Tame Impala non sono una normale rock band. Non lo sono mai stati. Non lo erano neanche quando la loro musica era basata essenzialmente sulle chitarre acidone. Figuriamoci adesso. Parlare di loro al plurale, lo sapete già tutti, è solo un inutile vezzo: Kevin Parker è da sempre un uomo solo al comando. Uno che scrive, suona, canta, registra, produce e mixa tutto da solo.
Uno che lo studio di registrazione, più che “nella cameretta”, ce l’ha nel cervello. E la chiave di tutto è proprio quella lì: Currents è essenzialmente il frutto del lavoro di un produttore con un’estetica molto personale e riconoscibile. Uno che sa plasmare la materia pop a sua immagine e somiglianza.
E pop è proprio la parola intorno a cui ruota tutto, anche se si tratta di un pop diverso, marcio e pure, come potrebbe essere altrimenti, psichedelico.

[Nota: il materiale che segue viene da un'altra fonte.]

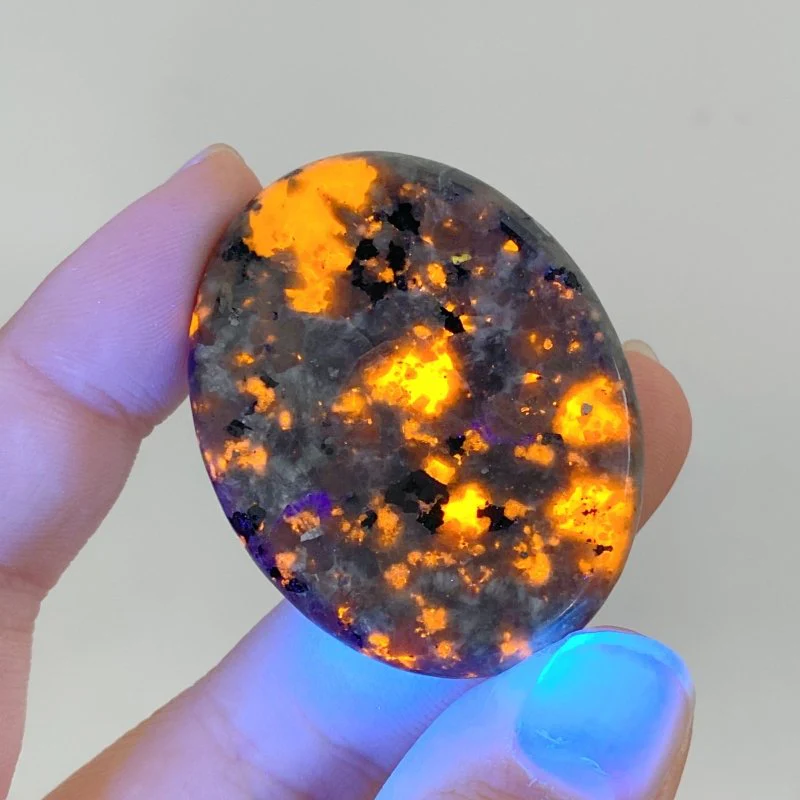 Yooperlite Worry Stone Wholesale(UV-Reactive) - Image 5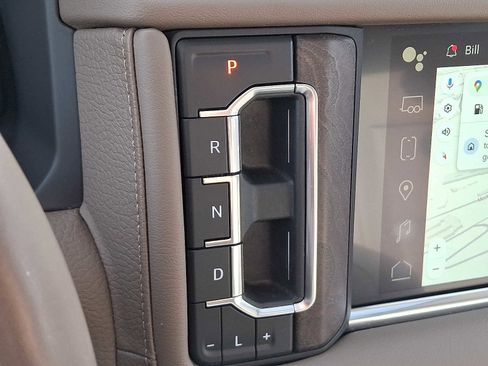 Used 2023 GMC Yukon XL Denali w/ Advanced Technology Package image 15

Già le prime anticipazioni, in circolo da qualche mese, ci avevano fatto scattare sull’attenti: i Tame Impala del 2015 sono diversi da quelli del 2010 e da quelli del 2012, giocano con un altro immaginario, pescano negli anni ’80 più torbidi e provano a far convivere il Michael Jackson di Thriller con un approccio alla Daft Punk della bassa fedeltà. Vi state spaventando? Vi sembrano paragoni improponibili? Siete convinti che resterete delusi? Bene, vi sbagliate: Kevin Parker si dimostra ancora una volta lucido e credibile nello sviluppare la sua idea di suono, sempre la stessa, non è cambiato nulla, in un contesto che invece è quasi opposto a quello dei dischi precedenti.
La fanno da padrone i sintetizzatori, quelli vecchi e sporchi, e il vintage che cerca di non scadere nel revival. Quando ci riesce, il risultato è davvero sublime: come nel singolo Let It Happen, un viaggio di otto minuti che raggiunge il suo picco quando la traccia s’incanta e il disco sembra essersi rotto. Lo copieranno tutti.